Rapor - Makale > Plastik Teknolojisi > Plastik malzemeler:

Ömer Karaarslan
RDG Bilgi ve Üretim Teknolojileri
www.rdgen.com

Mart 2007

Not: Bu rapor, RDG Bilgi ve Üretim Teknolojileri tarafından hazırlanmış sunumlardan derlenmiştir. Bu ve benzeri diğer sunumlar firmanın web sitesinden indirilebilir.

Polimerlerin tarihsel gelişimi:

Dünya'da sınırlı olan malzeme kullanımı bilim ve teknolojideki yeni gelişmeler sonucunda çeşit ve kalite yönünden büyük gelişmeler göstermiştir. Bu malzemelerden biri ve belki de en önemlisi plastiklerdir. Plastikler son 20 yılda önemi giderek artmakta ve daha yaygın bir kullanım alanı bulmaktadır.

Plastiğe bu özelliği veren faktörler ise;

  • Hafiflik
  • Yüksek kimyasal dayanıklılık
  • Yalıtkanlık (elektrik, ısı ve ses)
  • Hijyen
  • Yüksek esneklik ve darbe mukavemeti
  • Yüksek tokluk
  • Optik özellikler (şeffaflık)
  • Kolaylıkla işlenebilirlik (şekillendirilebilme)
  • Özelliklerin istekler doğrultusunda değiştirilebilmesi
  • Düşük maliyet (hammadde ve imalat)
  • Kolay dizayn edilebilme
  • Atmosferik koşullara dayanım

Ancak plastiklerin mekanik özelliklerinin metallerden düşük olması kullanımını sınırlandırmışsa da yeni yöntem ve tekniklerin gelişmesi sonucunda plastiklerin mekanik özellikleri artırılarak daha geniş bir kullanım alanı bulmuş ve gün geçtikçe de yeni kullanım alanları bulmaktadırlar.

Polimerlerin birinci büyük grubu olan plastiklerin ilk ürünü 1868'de Amerika'da John Wesley Hyatt tarafından üretilen selüloiddir.
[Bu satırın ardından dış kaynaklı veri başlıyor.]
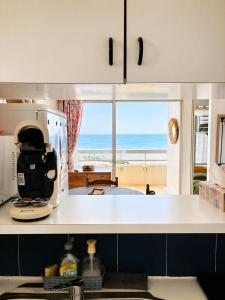 a kitchen with a view of the ocean at Studio cabine pied dans l eau climatisé, parking et wifi haut débit in Canet-en-Roussillon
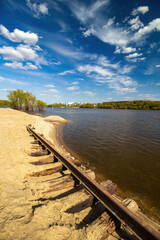 Landscape with the shore of Oka river at the mouth of Moscow river, sky, clouds and old railroad, Kolomna city, Moscow region, Russia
Araştırmacı, pamuk selülozunun nitrik asit ve kamfor ile etkileştirerek plastik teknolojisinin ilk ürünü olan bu yarı sentetik polimeri hazırlamıştır. Yeryüzünde önemli bir rezerve sahip olan selülozun bu yeni şekli ilk yıllarda bilardo topu, fotoğraf filmi vb. Gibi malzemelerin yapımında kullanılmıştır.
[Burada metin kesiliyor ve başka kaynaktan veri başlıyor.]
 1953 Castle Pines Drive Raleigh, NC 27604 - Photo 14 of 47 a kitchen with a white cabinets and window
Amerikalı bilim adamı Leo Hendrick Baekeland, 1907'de tamamen sentetik ilk polimer olan fenol-formaldehit reçinelerinin üretimini başarmıştır. Bakalit adıyla anılan bu polimer ilk yıllarda telefon ahizeleri gibi birçok plastik parçaların üretiminde değerlendirilmiştir.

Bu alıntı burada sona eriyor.